Alors qu'à Paris et à Berlin
les établissements gay
éclosent à la Belle Epoque,
la vie de province est plus
discrète. A Metz, pas de lieu
gay... du moins officiellement. Car les
homos de cette époque ont
l'habitude de se rencontrer
discrètement dans certains
cafés de la ville mais aussi dans
les vespasiennes et sur les bords de la
Moselle.
Les Cafés.
Deux établissements ont la cote
auprès des homos.
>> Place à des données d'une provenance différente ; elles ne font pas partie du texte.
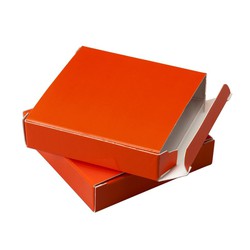 Estuche charol naranja 7,5x7,5x1,8cm min.25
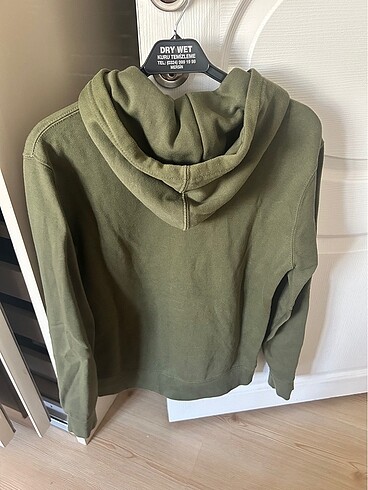 xs Beden Pull and bear sweat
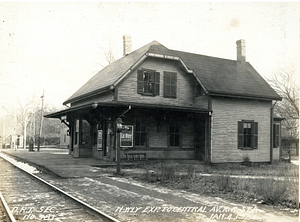 Northwesterly exposure to Central Avenue Railroad Station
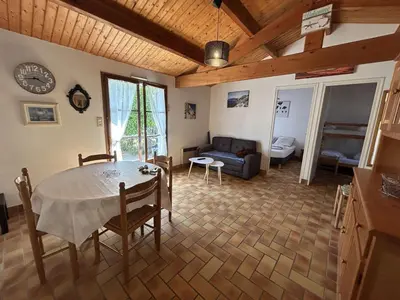 Coin salon dans l'établissement Maison avec Jardin, à 300m de la Plage, 2 Chambres, 4 Couchages, Terrasse et Barbecue - FR-1-224B-158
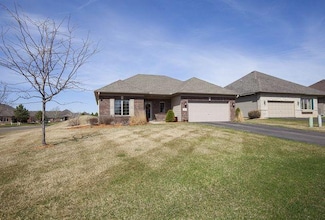 70 Quail Cir, Hudson, WI 54016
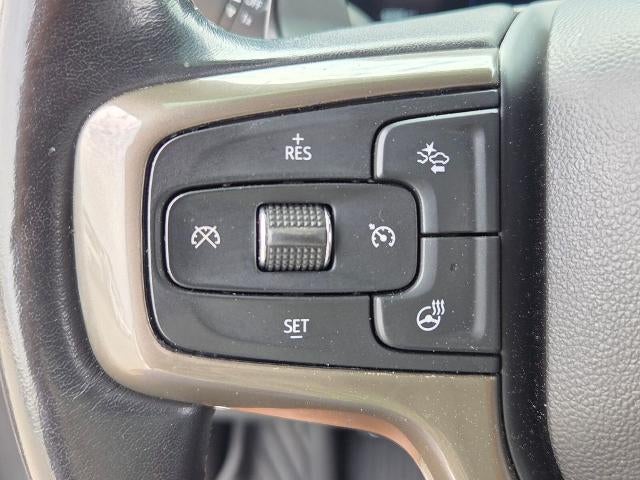 2022 Chevrolet Silverado 1500 Crew Cab Short Box 4-Wheel Drive High Country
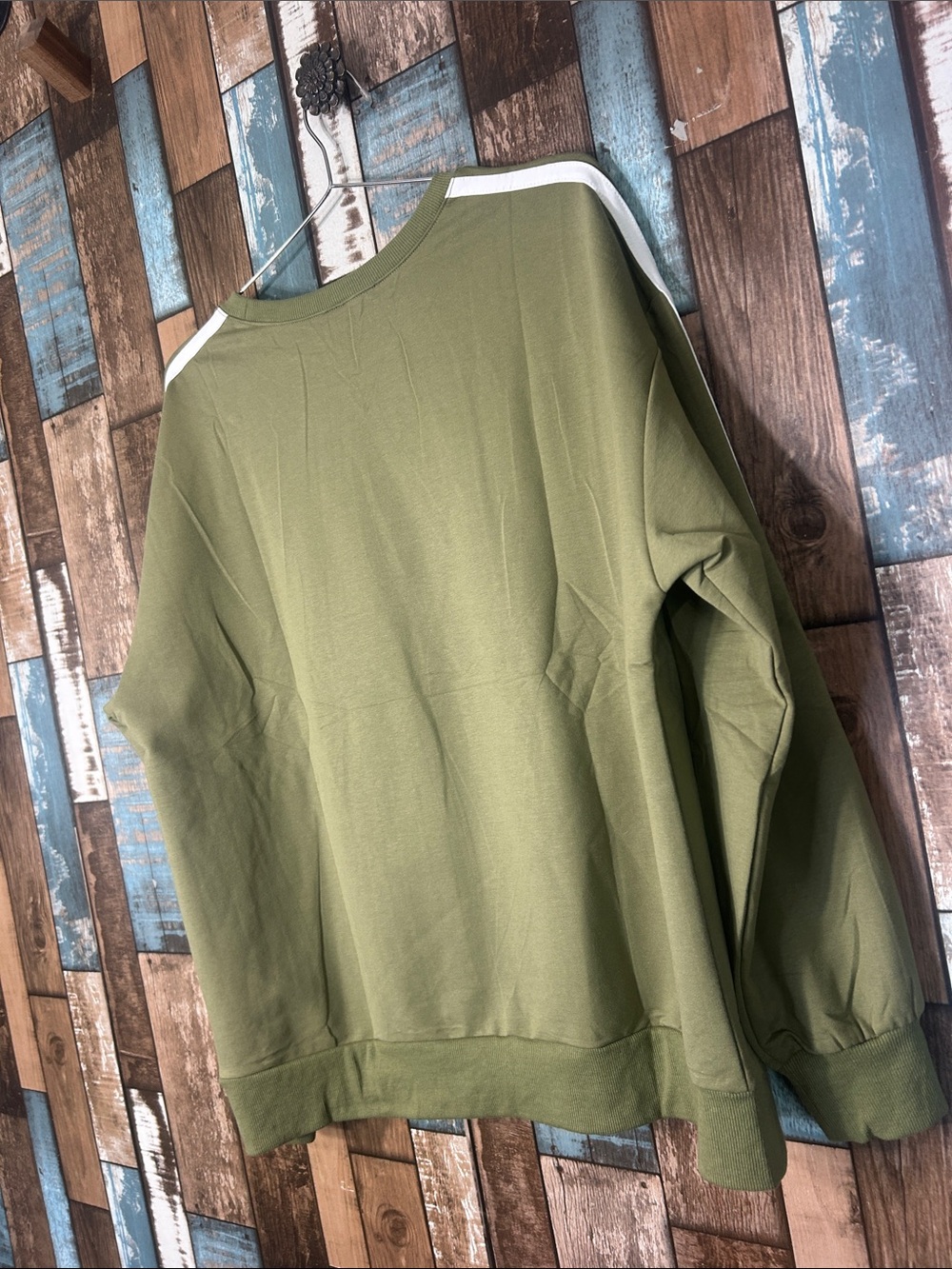 Army green white striped sleeve oversized sweatshirt - Picture 12 of 12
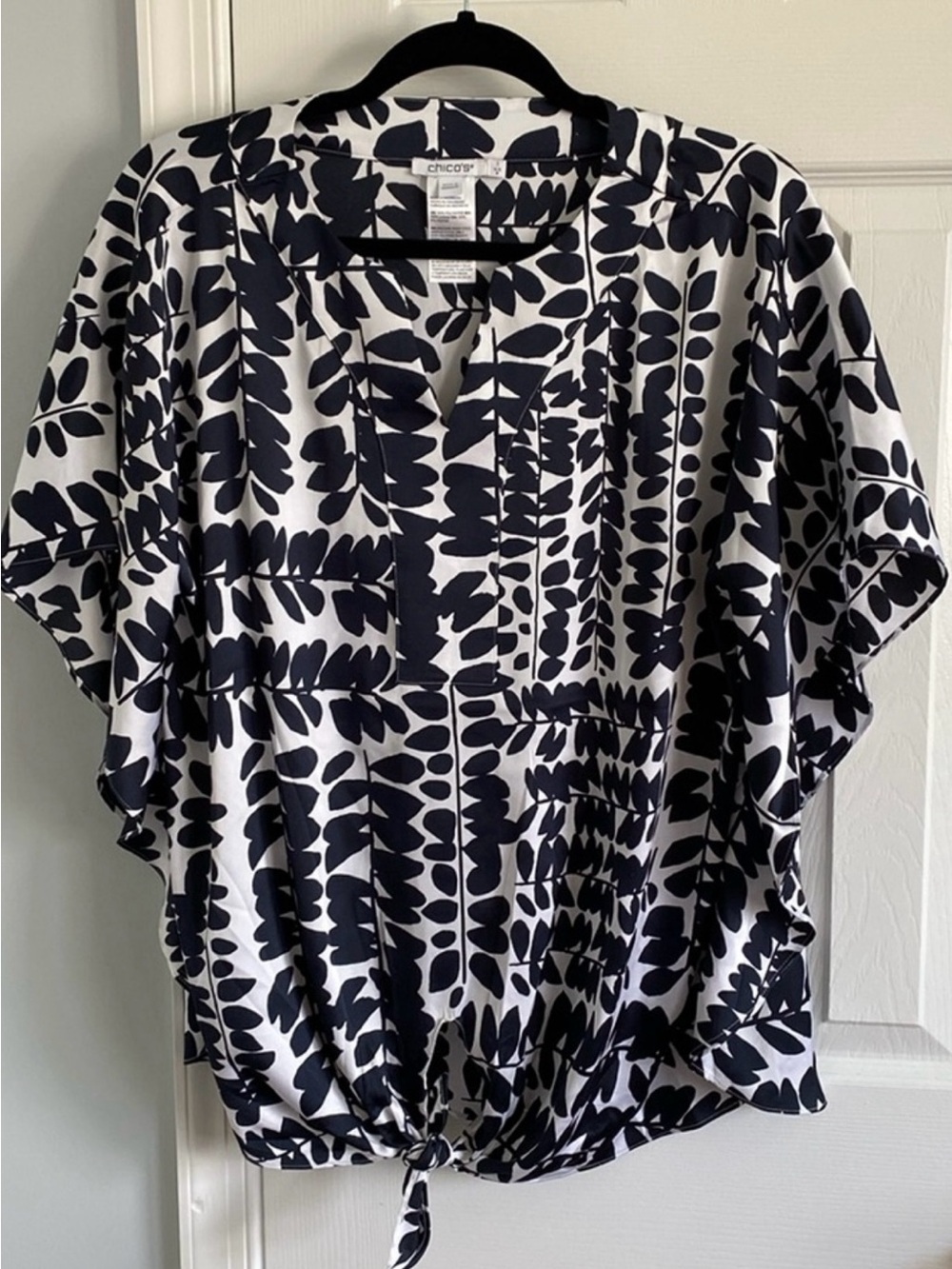 Chico's Blue & White Tie-Front Bat-Wing Blouse Size 2 (L)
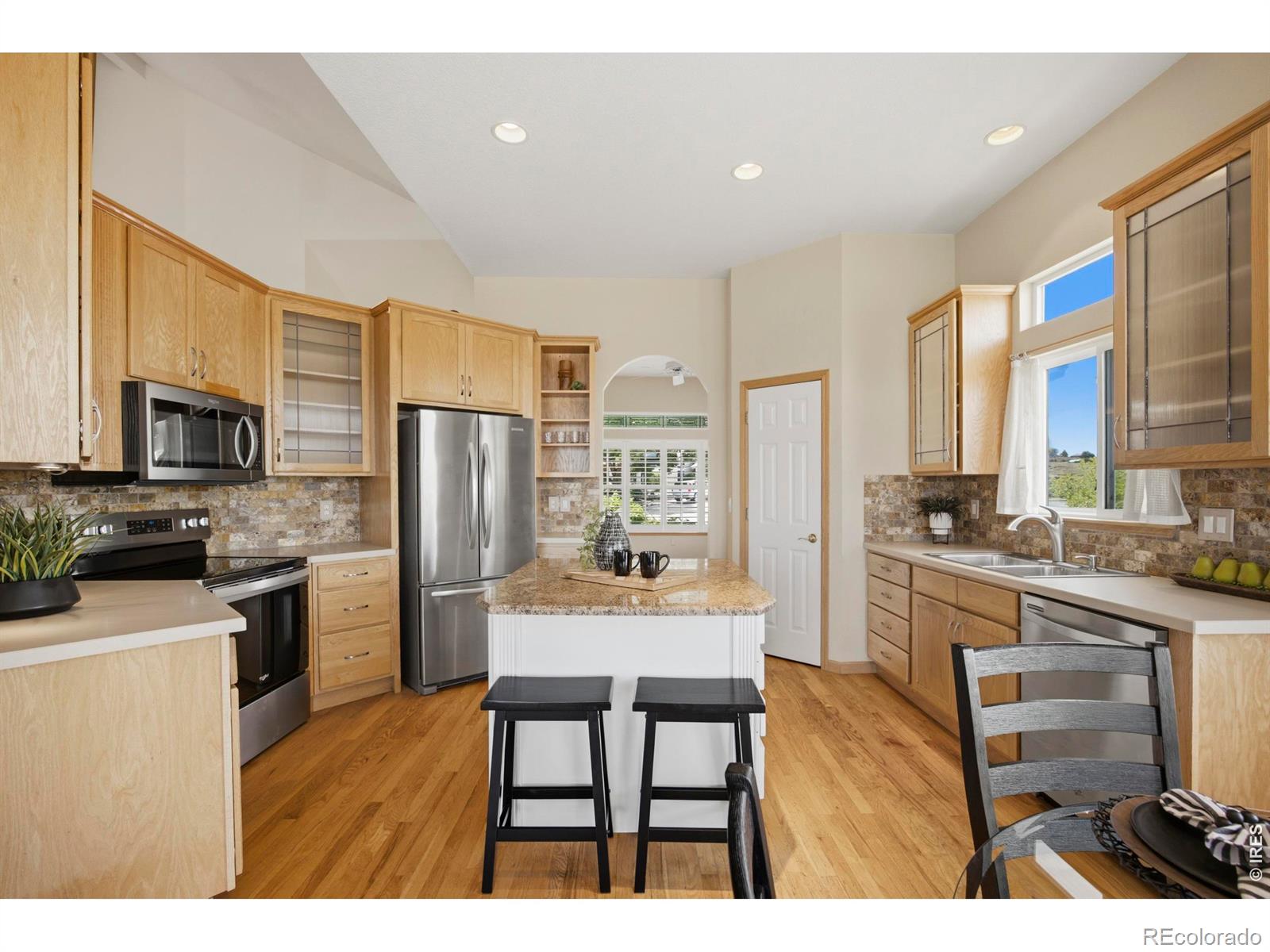 MLS Image #14 for 535  lakeside place,windsor, Colorado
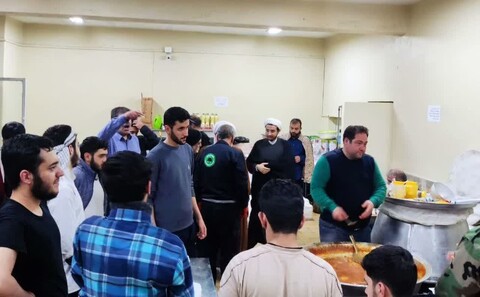 تصاویر/ حضور گروه جهادی مدرسه علمیه سالار شهیدان تبریز در مناطق زلزله زده خوی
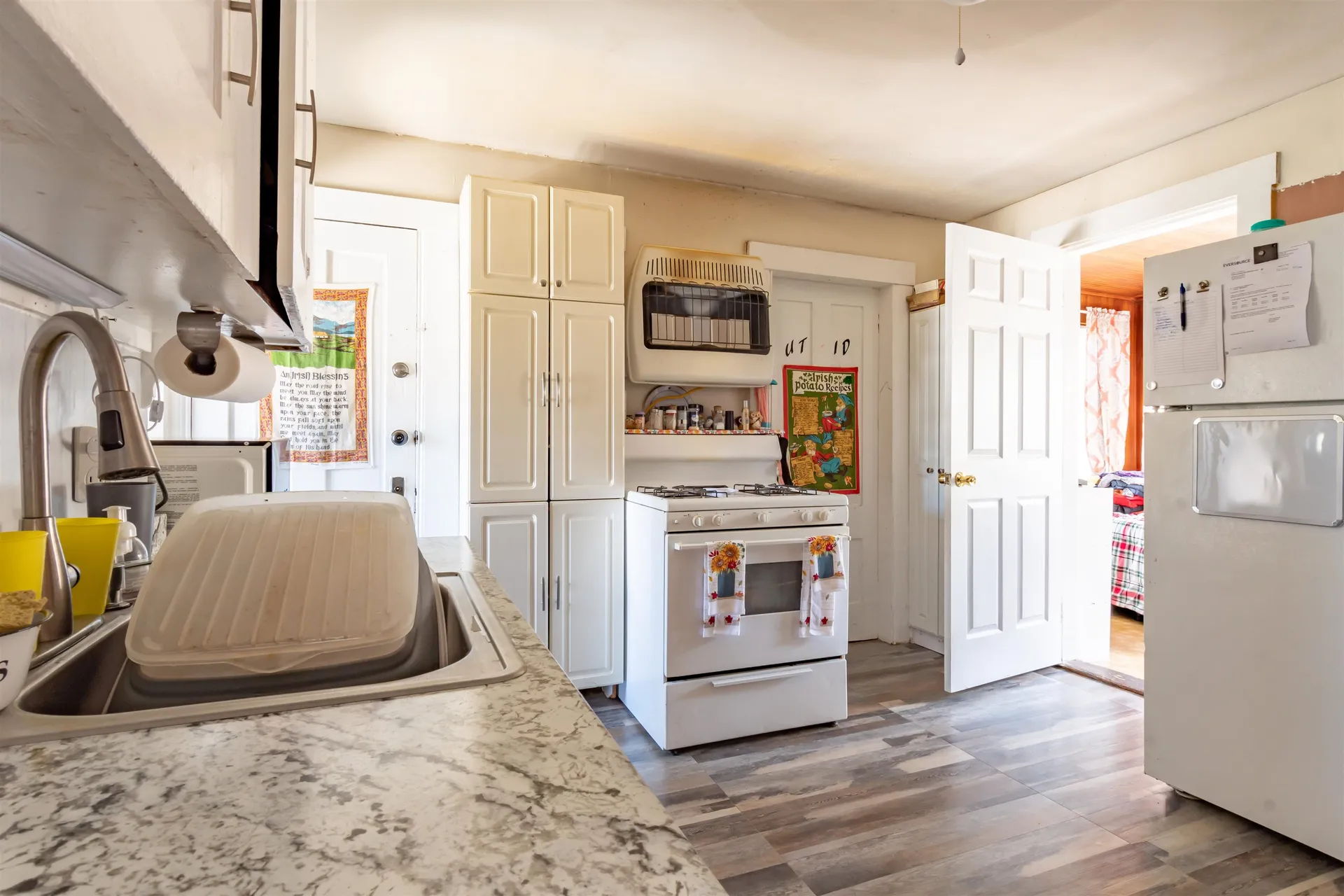 16 Hanover Street Nashua NH 03060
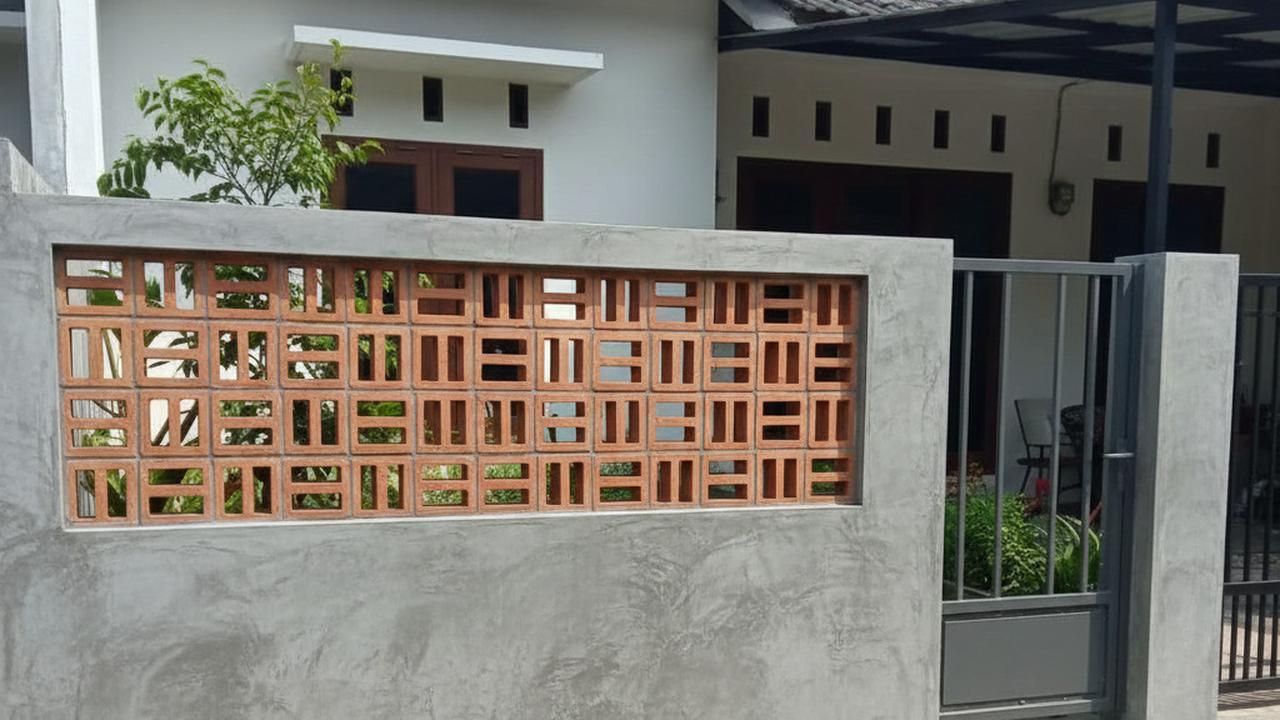 Pagar Tembok Kombinasi Roster Geometris dan Plester Ekspos Minimalis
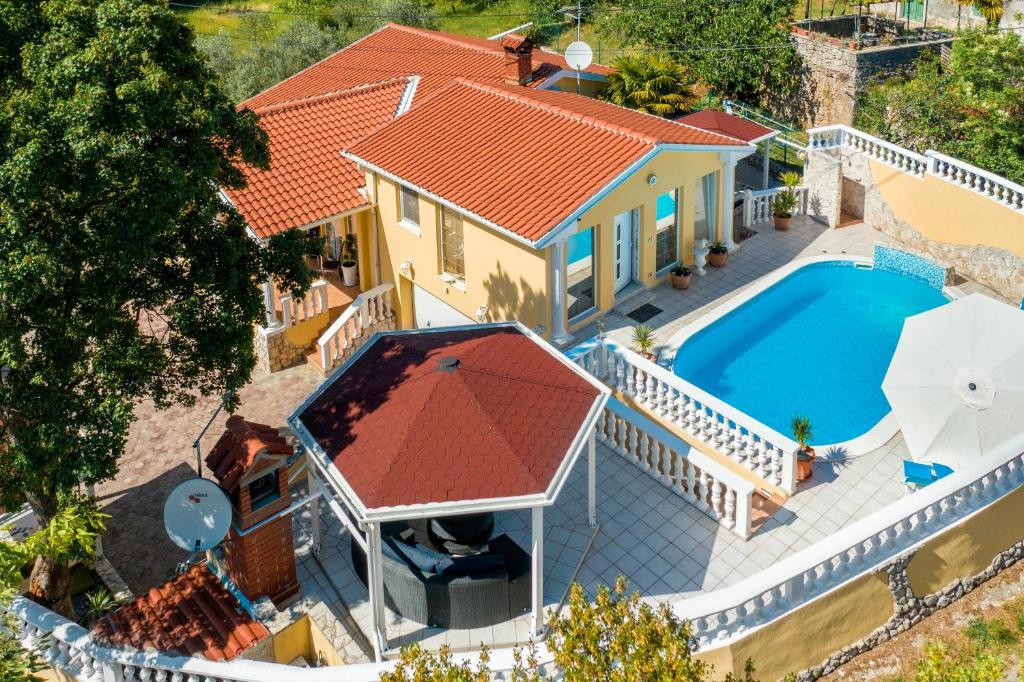 Bazén v ubytování Villa Katarina nebo v jeho okolí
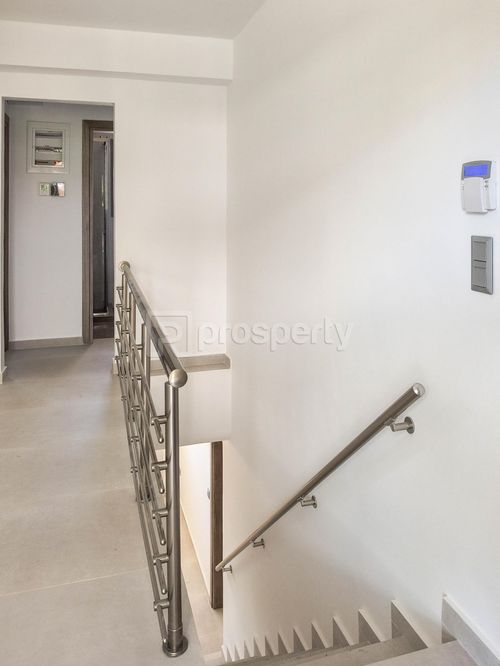 secondary image
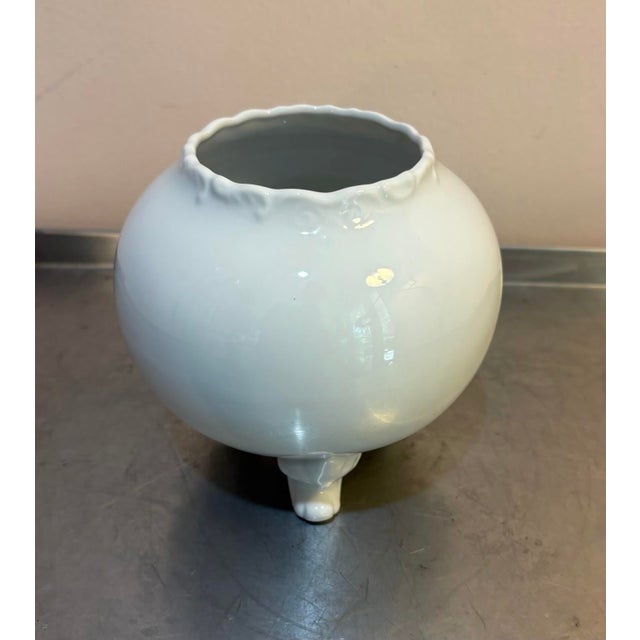 1970s-80s black/white ceramic The Dog's Bowl footed Shih Tzu planter/vase/bowl. Excellent condition.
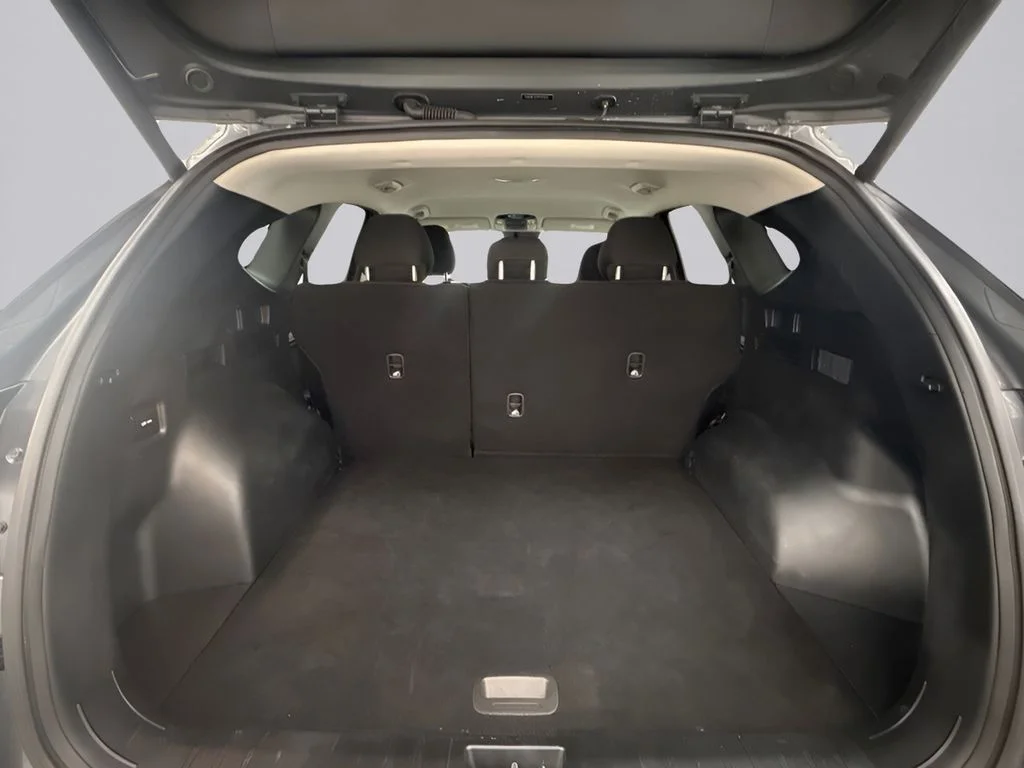 Used 2023 Gray Hyundai SEL image 28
Le
"CAFE DE LA
LUNE" face
à la cathédrale a une
arrière-salle assez accueillante et
masculine et la weinstube "LES BONS
ENFANTS"
située rue des Bons Enfants
(aujourd'hui disparue et remplacée
par le Centre St Jacques) est
également connue du milieu. Mais
tout cela se fait dans la plus grande
discrétion au milieu d'une
clientèle hétéro loin
de se douter de ce qui se trame dans ces
lieux. Les
cabarets, bordels et autres
établissements de plaisir
hétéro situés dans le
quartier St Ferroy (aujourd'hui disparu)
et la rue des Jardins, alimentent aussi
régulièrement la chronique
pour des affaires de moeurs parfois
particulières.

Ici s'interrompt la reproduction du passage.